*** DATA EXCERPTS ***

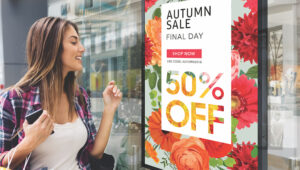 woman shopper looking at retail window display signage advertising sale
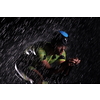 triathlon athlete riding professional racing bike fast  at night with bad weather and falling rain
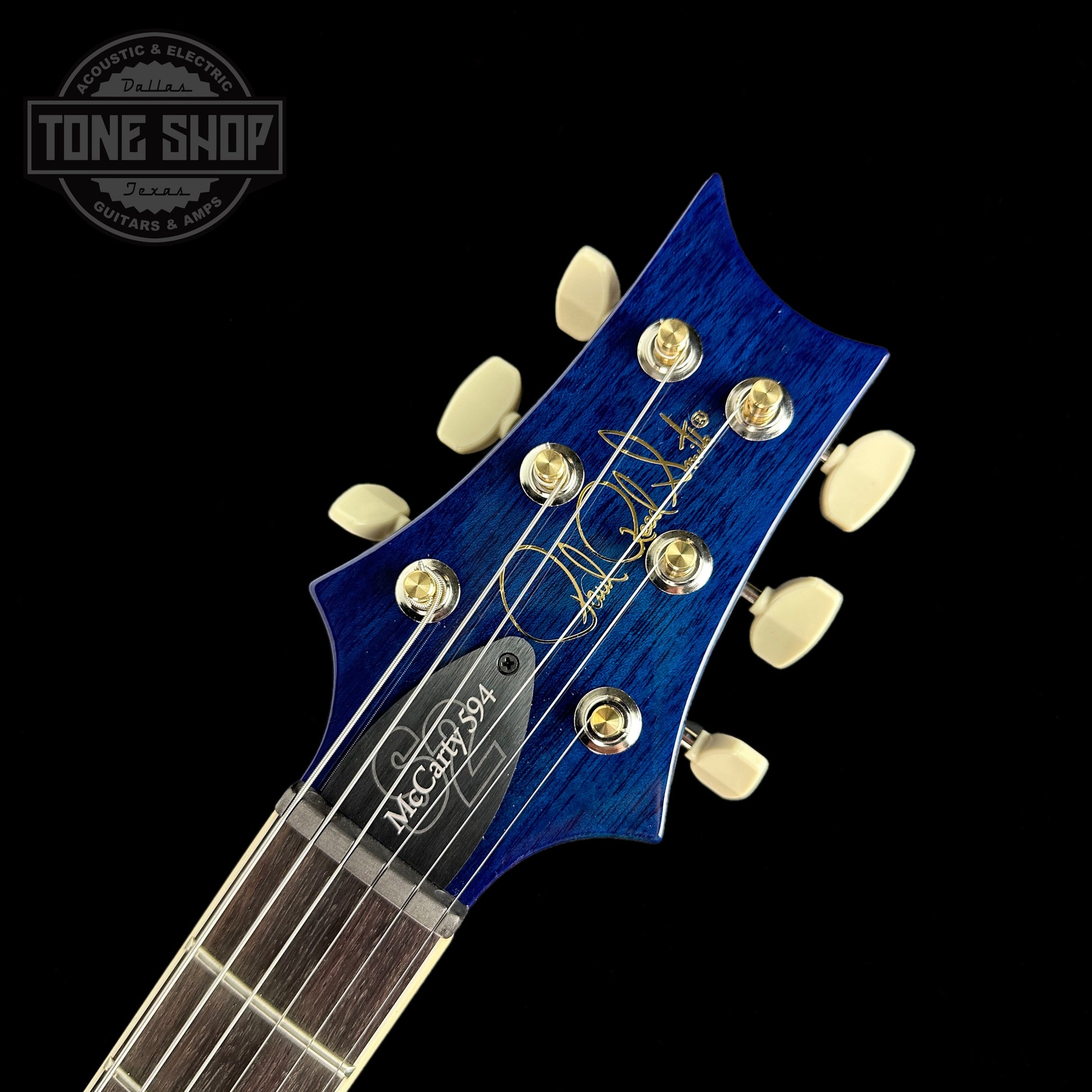Front of headstock of PRS S2 McCarty 594 Flame Top Makena Blue.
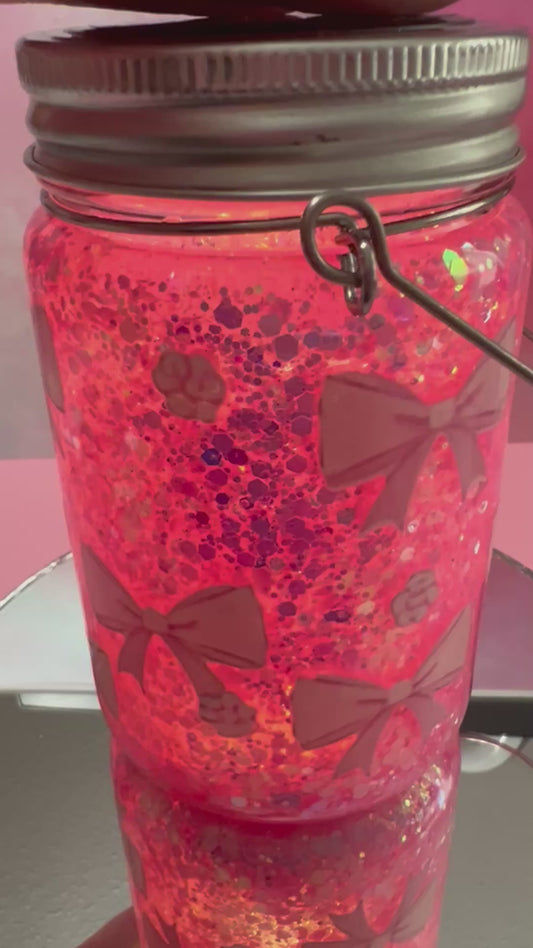 Pink bows & glitter glass snowglobe tumbler/solar light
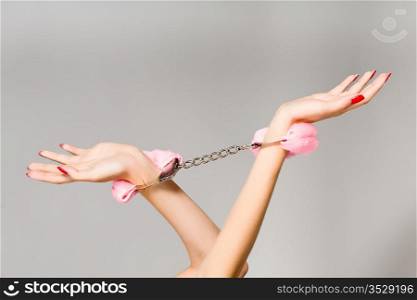 Female hands in handcuffs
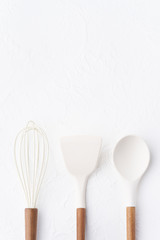 Kitchen tools background. Kitchen utensil, whisk, spatula. Blank space for a text. Copy spaces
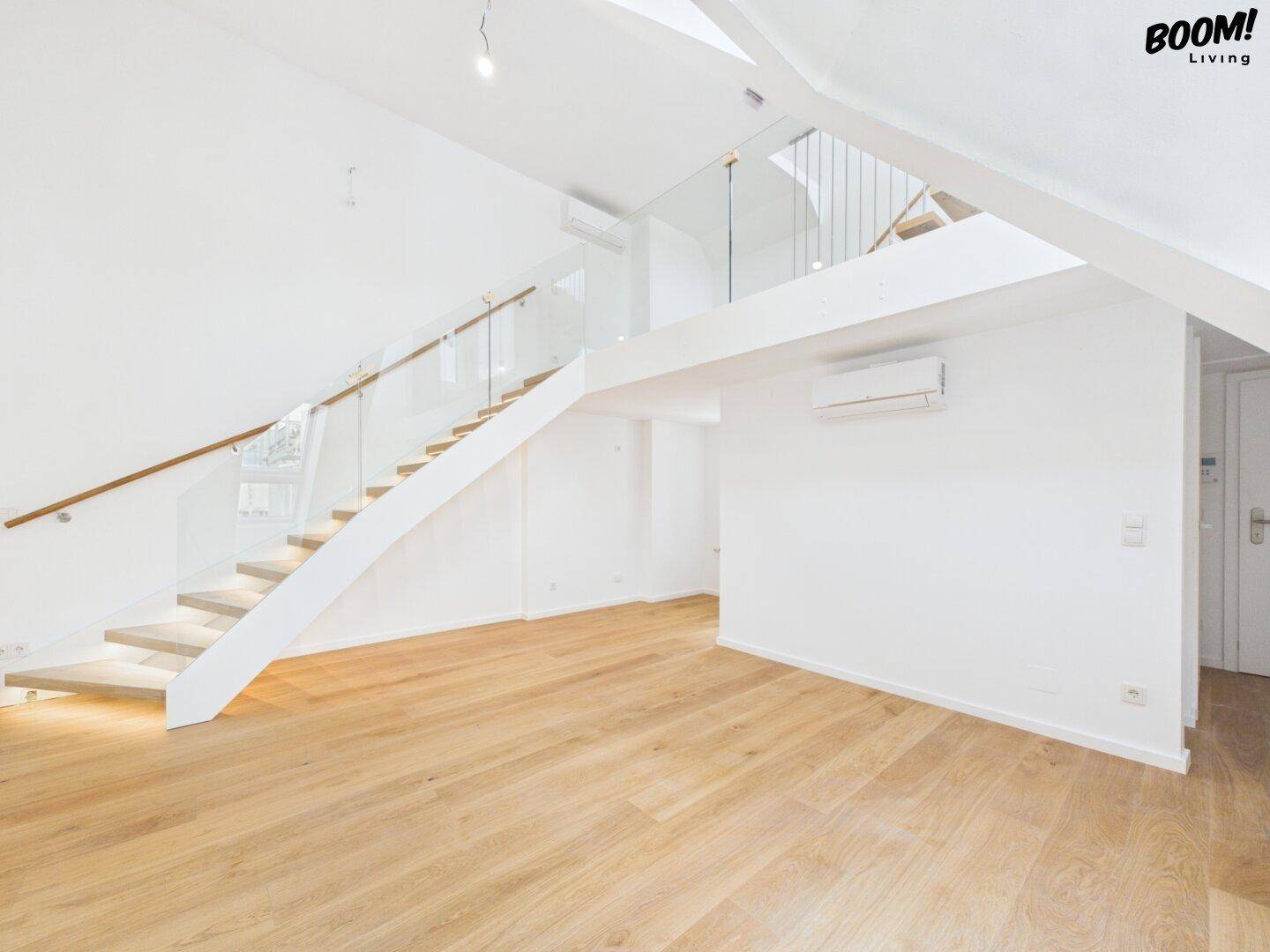 Heller Wohnbereich mit Holzparkett, offener Treppe und Dachschrägen, ausgestattet mit Klimaanlage.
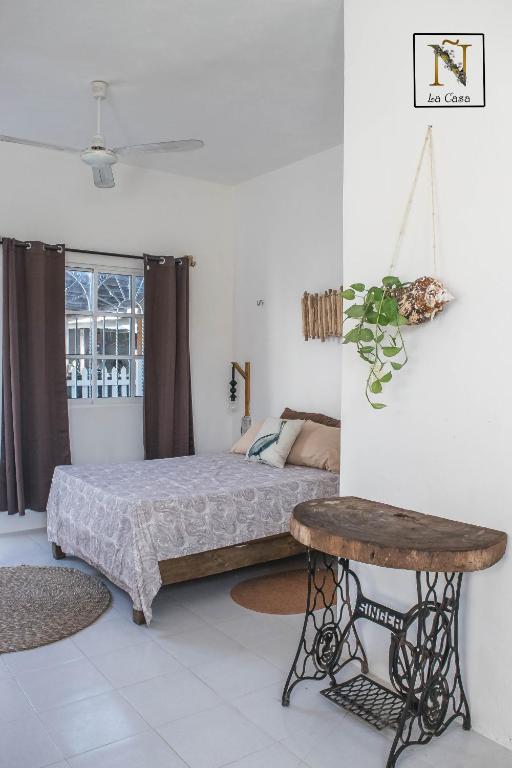 a bedroom with a bed and a table at La Casa de Ñaña in Holbox Island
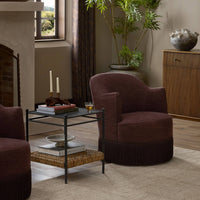 Lyra Fringe Swivel Chair in Laughlin Plum, featuring plush upholstery and stylish fringe detail.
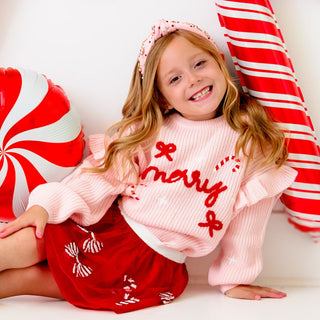 Sweet Wink Candy Cane Christmas Gemstone Headband - Kids
Sweet Wink Coquette Merry Christmas Knit Sweater
Young girl in a pink sweater with 'Merry' text, red skirt, and pink headband surrounded by candy-themed decorations.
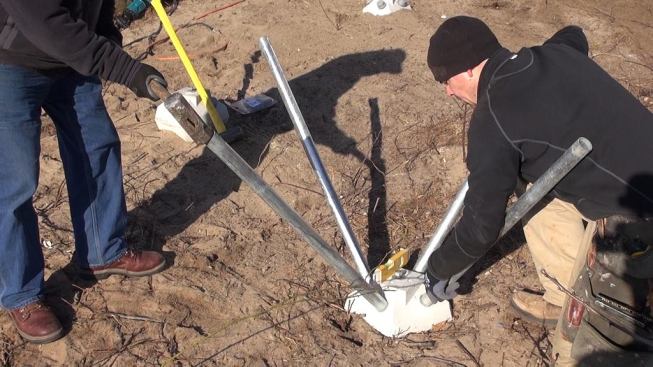 With the concrete hub in position, a sledgehammer serves to start the process of driving the pins into the subsoil.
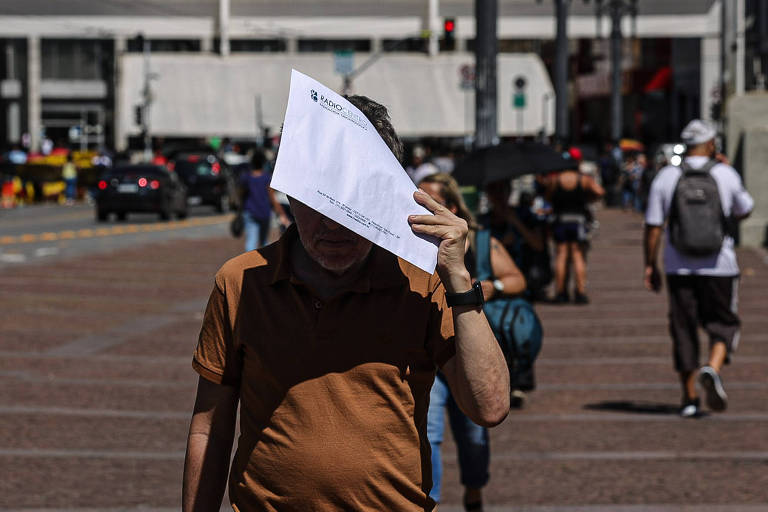 Um homem está caminhando em uma rua movimentada， segurando uma folha de papel sobre a cabeça， possivelmente para se proteger do sol. Ele usa uma camisa marrom e está em uma área com várias pessoas ao fundo， algumas com guarda-sóis. Há carros passando na rua ao fundo.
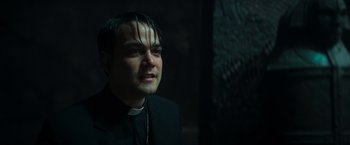 Movie still from “The Pope's Exorcist” (2023), directed by Julius Avery – A man in a priest's outfit looking into the camera; Close Up shot, High angle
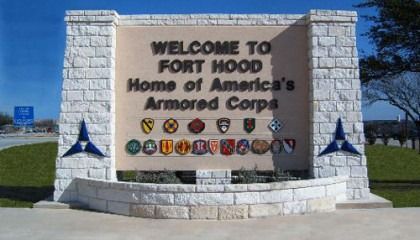 A sign that says welcome to fort hood home of america 's armored corps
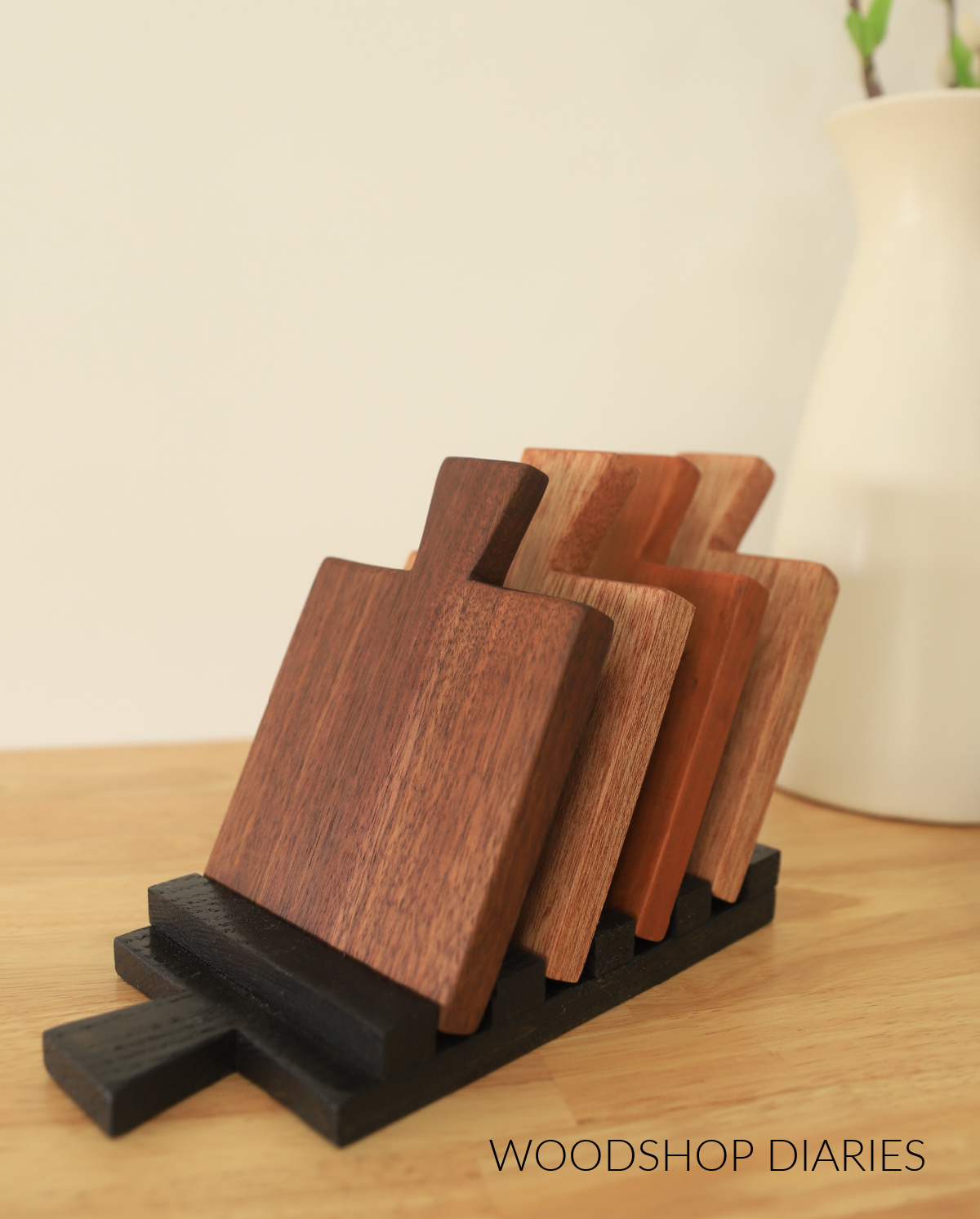 DIY wooden drink coaster set with all four coasters standing in coaster tray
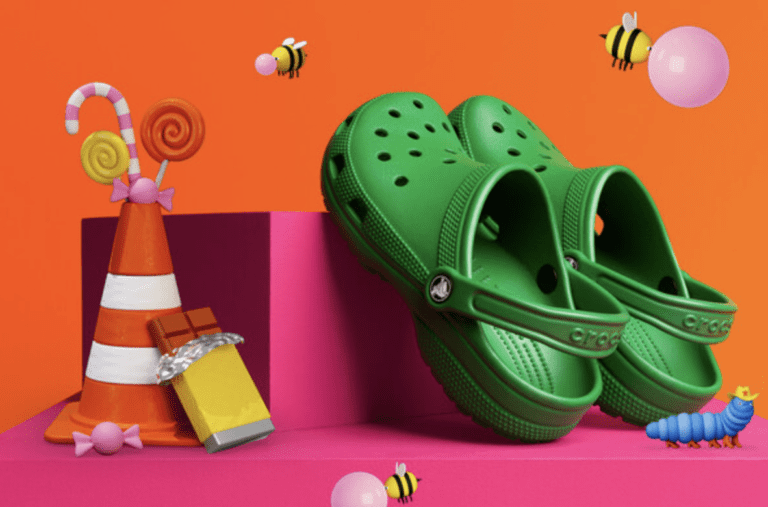 promotional image of pair of green crocs on a pink and orange background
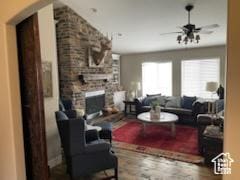 4613 W Brookport Cir S Unit V3-8, Herriman, UT 84096 - living area with a ceiling fan, wood finished floors, and a stone fireplace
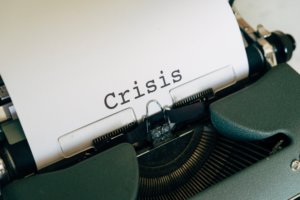 the word crisis written on a piece of paper in a typewriter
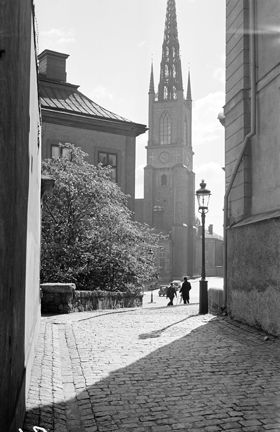 Schering Rosenhanes gränd öppnar sig mot Birger Jarls torg. Ett par personer och bilar skymtar. Riddarholmskyrkans torn syns i bakgrunden.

***

**WHAT TO DO**
Transcribe exactly the span of lines that opens with the line holding "Sweet Wink Candy" and closes with the last line of the entries above. Omit pictures.

**EXERCISE SOLUTION**
 Sweet Wink Candy Cane Christmas Gemstone Headband - Kids
Sweet Wink Coquette Merry Christmas Knit Sweater
Young girl in a pink sweater with 'Merry' text, red skirt, and pink headband surrounded by candy-themed decorations.
 With the concrete hub in position, a sledgehammer serves to start the process of driving the pins into the subsoil.
 Um homem está caminhando em uma rua movimentada， segurando uma folha de papel sobre a cabeça， possivelmente para se proteger do sol. Ele usa uma camisa marrom e está em uma área com várias pessoas ao fundo， algumas com guarda-sóis. Há carros passando na rua ao fundo.
 Movie still from “The Pope's Exorcist” (2023), directed by Julius Avery – A man in a priest's outfit looking into the camera; Close Up shot, High angle
 A sign that says welcome to fort hood home of america 's armored corps
 DIY wooden drink coaster set with all four coasters standing in coaster tray
 promotional image of pair of green crocs on a pink and orange background
 4613 W Brookport Cir S Unit V3-8, Herriman, UT 84096 - living area with a ceiling fan, wood finished floors, and a stone fireplace
 the word crisis written on a piece of paper in a typewriter
 Schering Rosenhanes gränd öppnar sig mot Birger Jarls torg. Ett par personer och bilar skymtar. Riddarholmskyrkans torn syns i bakgrunden.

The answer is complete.